ParentProcess::GetClientSocketDescriptor: Connected socket
ParentProcess::Connect: Ordering the connections.
Read 0 from writeConnections[0]
Read 0 from readConnections[0]
Read 0 from readConnections[1]
ParentProcess::Connect: Exchanging type representations.
signalhandler_core: SIGSEGV!

I am thinking normal behavior, the next line would have been something like....

Read 0 from writeConnections[1]

That said, I am finding this log info a tad confusing...

I obviously don't have sufficient experience with these connections to know.

markcmiller86 commented 2 years ago

Ok, so based on a brief read of the associated code, https://github.com/visit-dav/visit/blob/d1fbae6caeb3364954f3c2b54eb0a27ae69fd889/src/common/comm/ParentProcess.C#L450-L463

Since the logging info shows read on writeConnection[0] but none for a writeConnection[1], I believe vcl is seeing nWriteConnections=1 and nReadConnections>=2. I wonder if that is odd state for the vcl...to have more read connections than write connections?

markcmiller86 commented 2 years ago

In looking at the code section identified above, I wonder why we use int() in the debug5 message to display contents of buf[3] but don't also use int() when buf[3] is used to index into connections[buf[3]] on line 454 and 462? @brugger1 might you have any insights here?

DevinBayly commented 2 years ago

Sorry for delay! Also, I think that I need to check if the hang issue is actually #13246

I guess this might mean that the main issue is back to being why the system thinks there's a mismatch between the 3.2.1 client and 3.2 server.

just reposting that material from above

The other problem that I seem to have is related to a version error. I don't fully understand how this is possible since both the client and the server versions of visit are 3.2.1.

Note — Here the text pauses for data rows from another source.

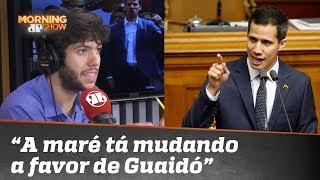 Caio Coppolla: “Maduro vai caindo de podre”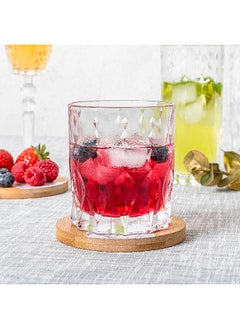 RCR RCR transparent crystal tumblers 6 pcs 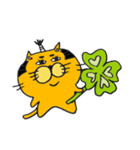 拙者、ねこ侍！春の陣！（個別スタンプ：39）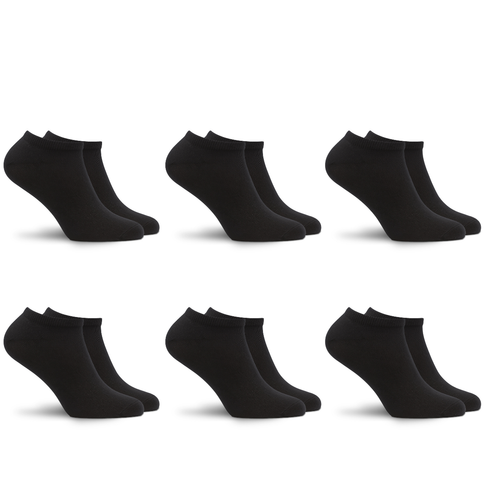 Sukats® Sneakersokken | 6 of 12 Paar | Enkelsokken | Korte Sokken | Naadloos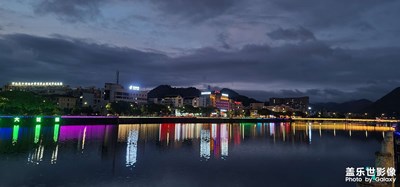 這夜景好像不怎么樣啊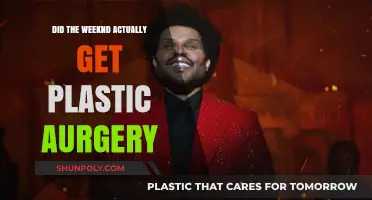 The Weeknd's Transformation: Plastic Surgery Rumors Explored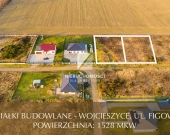 Działki budowlane Wojcieszyce, Figowa, 1528 mkw | Zdjęcie 1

(base) lil@vis:~/Documents/visit3_2_1.linux-x86_64/bin$ ./visit -debug 5
./visit: 120: [[: not found
System python ./frontendlauncher.py ./visit -debug 5
Running: gui3.2.1 -debug 5
./visit: 120: [[: not found
System python ./frontendlauncher.py ./visit -v 3.2 -viewer -debug 5 -geometry 744x687+550+54 -borders 26,4,4,4 -shift 0,0 -preshift 4,26 -defer -host vis -port 5600 -key 9be97f62cdab2e8f87fd
Running: viewer3.2.1 -debug 5 -geometry 744x687+550+54 -borders 26,4,4,4 -shift 0,0 -preshift 4,26 -defer -host 127.0.0.1 -port 5600
./visit: 120: [[: not found
System python ./frontendlauncher.py ./visit -v 3.2 -mdserver -debug 5 -host vis -port 5601 -key 9be97f62cdab2e8f87fd
Running: mdserver3.2.1 -debug 5 -host 127.0.0.1 -port 5601
Version 3.2 of VisIt does not exist.

This happened once with the 3.1.4 but then I started the visit client with ./visit -debug 5 -v 3.1.4 instead of ./visit -debug 5 and then it worked.